> _Problem statement_
Retype nothing except the lines below from the one with "with original charger" through the one with "𝑝𝑜𝑢𝑟 𝑡𝑜𝑢𝑗𝑜𝑢𝑟𝑠 👗💅🏻👠", exactly, with images left out.

> _Exercise input_
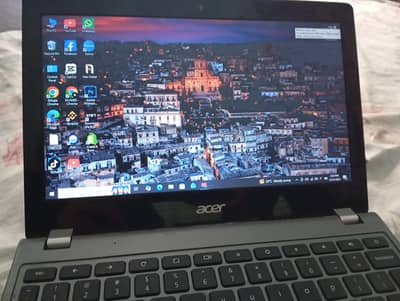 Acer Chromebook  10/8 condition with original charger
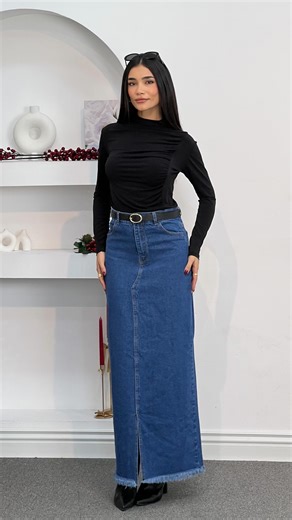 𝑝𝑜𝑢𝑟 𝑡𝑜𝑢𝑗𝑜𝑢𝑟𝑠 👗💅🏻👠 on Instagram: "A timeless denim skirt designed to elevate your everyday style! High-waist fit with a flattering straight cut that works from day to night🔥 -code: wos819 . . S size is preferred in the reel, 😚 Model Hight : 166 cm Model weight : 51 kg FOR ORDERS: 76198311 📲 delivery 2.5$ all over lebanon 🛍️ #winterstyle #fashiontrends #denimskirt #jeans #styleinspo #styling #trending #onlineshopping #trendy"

---

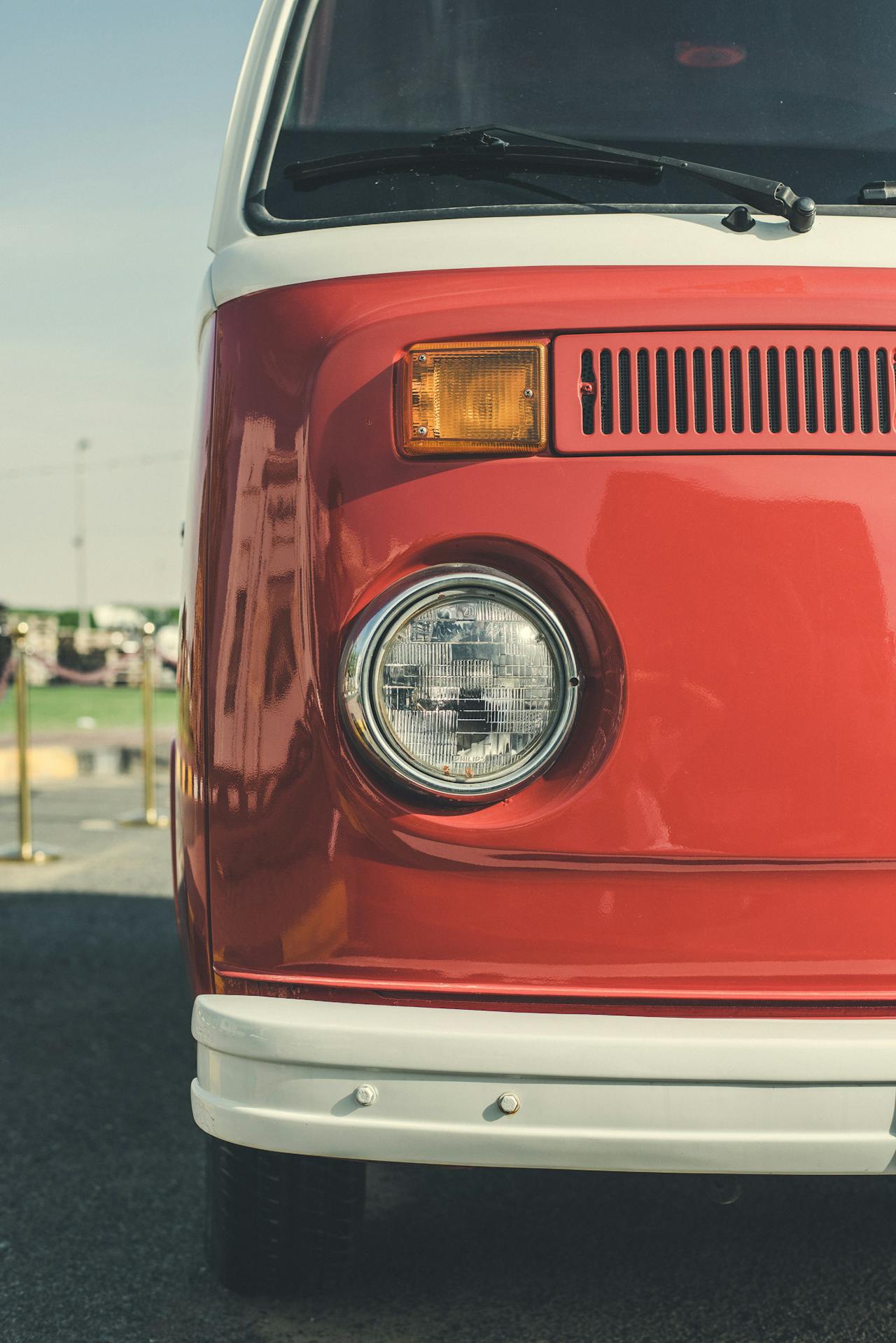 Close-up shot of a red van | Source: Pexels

> _Exercise solution_
 Acer Chromebook  10/8 condition with original charger
 𝑝𝑜𝑢𝑟 𝑡𝑜𝑢𝑗𝑜𝑢𝑟𝑠 👗💅🏻👠 on Instagram: "A timeless denim skirt designed to elevate your everyday style! High-waist fit with a flattering straight cut that works from day to night🔥 -code: wos819 . . S size is preferred in the reel, 😚 Model Hight : 166 cm Model weight : 51 kg FOR ORDERS: 76198311 📲 delivery 2.5$ all over lebanon 🛍️ #winterstyle #fashiontrends #denimskirt #jeans #styleinspo #styling #trending #onlineshopping #trendy"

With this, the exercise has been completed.